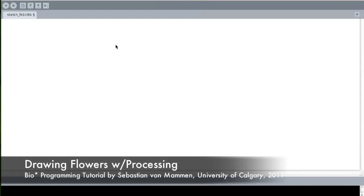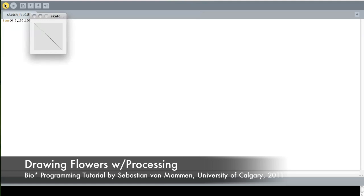Here's our little Processing sketch window, and we can go ahead and type in commands like 'line 0 0 100 100', which draws a line from coordinates x, y, 0, 0 to coordinates x, y, 100, 100. We click on play, we see the canvas pop up, and here's our line from 0, 0 to 100, 100.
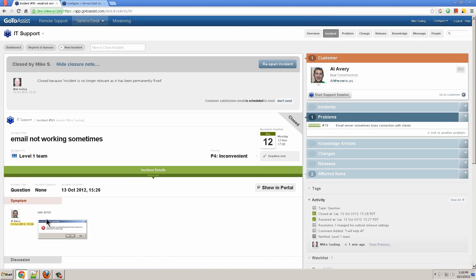Al will automatically get an email asking for a satisfaction survey or he can answer that on the portal.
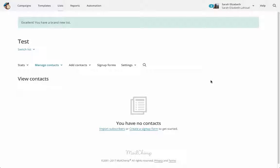Hey everyone, Sarah Elizabeth Lohood here, and today we're talking about how to create segments in your list in MailChimp so that you can send specific emails to specific people on your list.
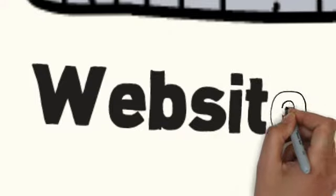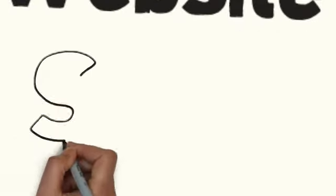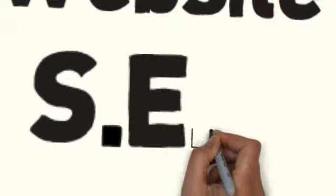Top positions in the search engines that generate new customers and clients for free. A Google Plus local listing so potential customers and clients can find and contact you.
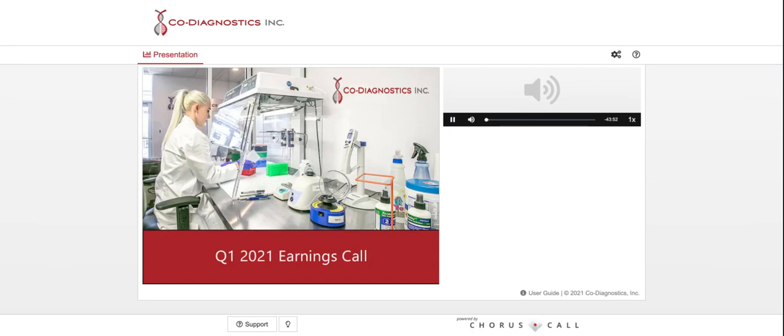I would now like to turn the conference over to Andrew Benson, Head of Investor Relations. Please go ahead. Thank you. I'm Andrew Benson, and joining me this afternoon are members of the Co-Diagnostics Management Team, including Dwight Egan, Chief Executive Officer, and Brian Brown, Chief Financial Officer.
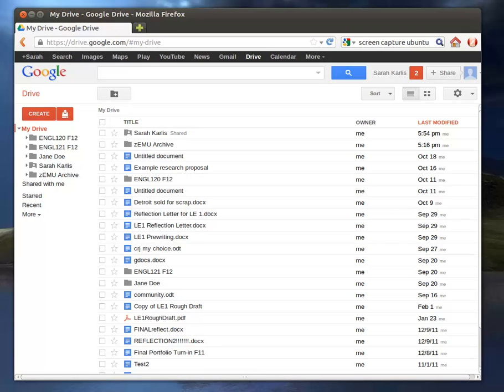In this tutorial, we're going to look at some formatting that you can do if you're working directly in Google Drive in a document.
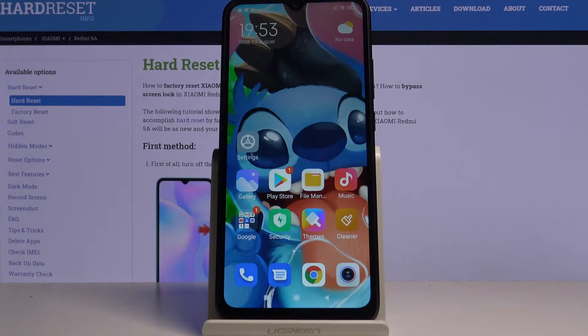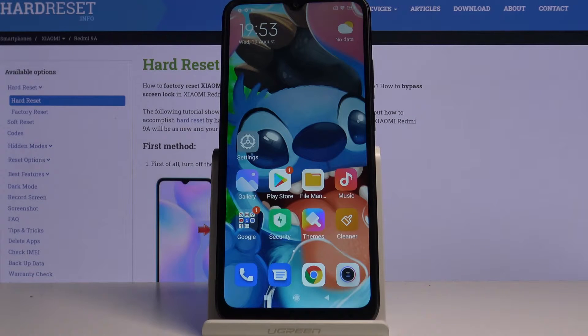Hi, in front of me is the Xiaomi Redmi 9A and today I want to show you how you can protect your apps with passwords.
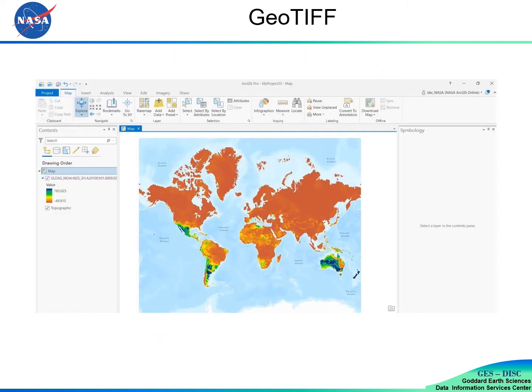GeoTIF format is becoming more and more popular and can be ingested by web services or GIS tools. Cloud-Optimized GeoTIF is cloud computing friendly — its data chunk can be retrieved directly without downloading or reading the full file. This slide shows the GeoTIF file created by L34RS.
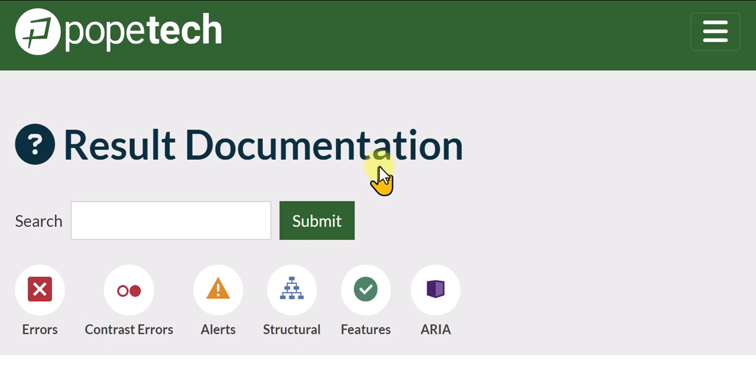In this video I'm going to briefly describe what Pope Tech is. Pope Tech is an accessibility checker that integrates with Canvas and it's used to scan Canvas courses to detect any accessibility issues.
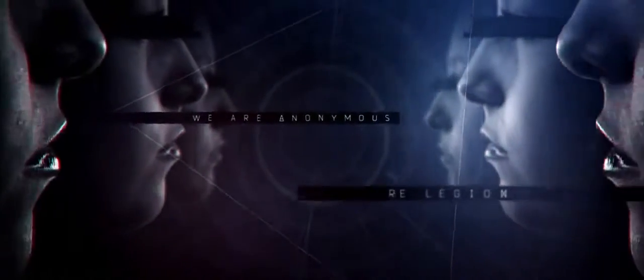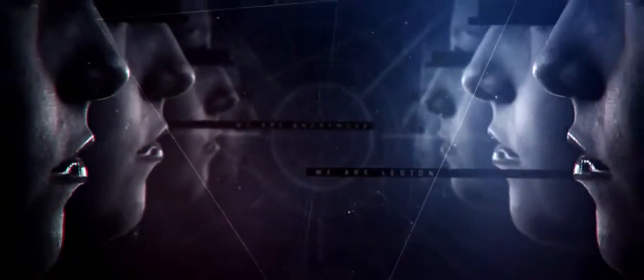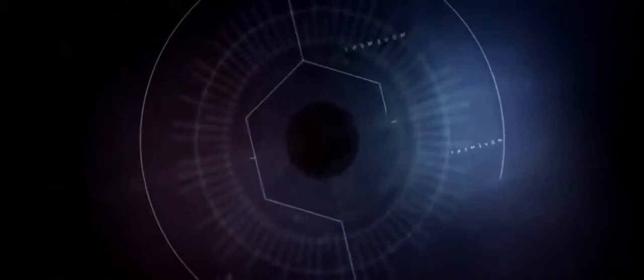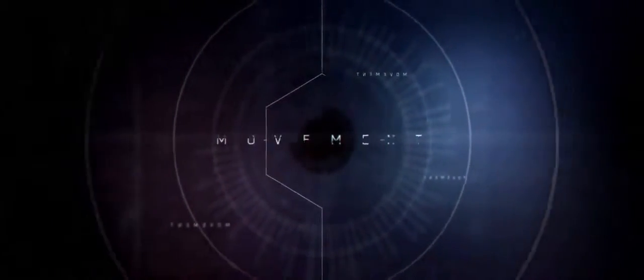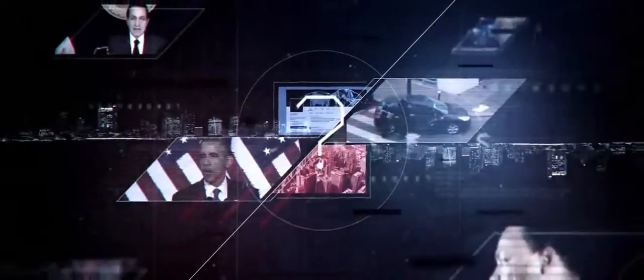We are Anonymous. We are Legion. Anonymous has no who. It exists not as a group, but a movement, aspiring to the most honest definition of a leaderless organization.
=======
▶ **ABOUT THIS EXERCISE**: Repeat, word for word and with no pictures, only the lines running from the beginning of the data to the line that contains "GeoTIF format is".

▶ **OUTPUT FOR THIS EXERCISE**:
Here's our little Processing sketch window, and we can go ahead and type in commands like 'line 0 0 100 100', which draws a line from coordinates x, y, 0, 0 to coordinates x, y, 100, 100. We click on play, we see the canvas pop up, and here's our line from 0, 0 to 100, 100.
Al will automatically get an email asking for a satisfaction survey or he can answer that on the portal.
Hey everyone, Sarah Elizabeth Lohood here, and today we're talking about how to create segments in your list in MailChimp so that you can send specific emails to specific people on your list.
Top positions in the search engines that generate new customers and clients for free. A Google Plus local listing so potential customers and clients can find and contact you.
I would now like to turn the conference over to Andrew Benson, Head of Investor Relations. Please go ahead. Thank you. I'm Andrew Benson, and joining me this afternoon are members of the Co-Diagnostics Management Team, including Dwight Egan, Chief Executive Officer, and Brian Brown, Chief Financial Officer.
In this tutorial, we're going to look at some formatting that you can do if you're working directly in Google Drive in a document.
Hi, in front of me is the Xiaomi Redmi 9A and today I want to show you how you can protect your apps with passwords.
GeoTIF format is becoming more and more popular and can be ingested by web services or GIS tools. Cloud-Optimized GeoTIF is cloud computing friendly — its data chunk can be retrieved directly without downloading or reading the full file. This slide shows the GeoTIF file created by L34RS.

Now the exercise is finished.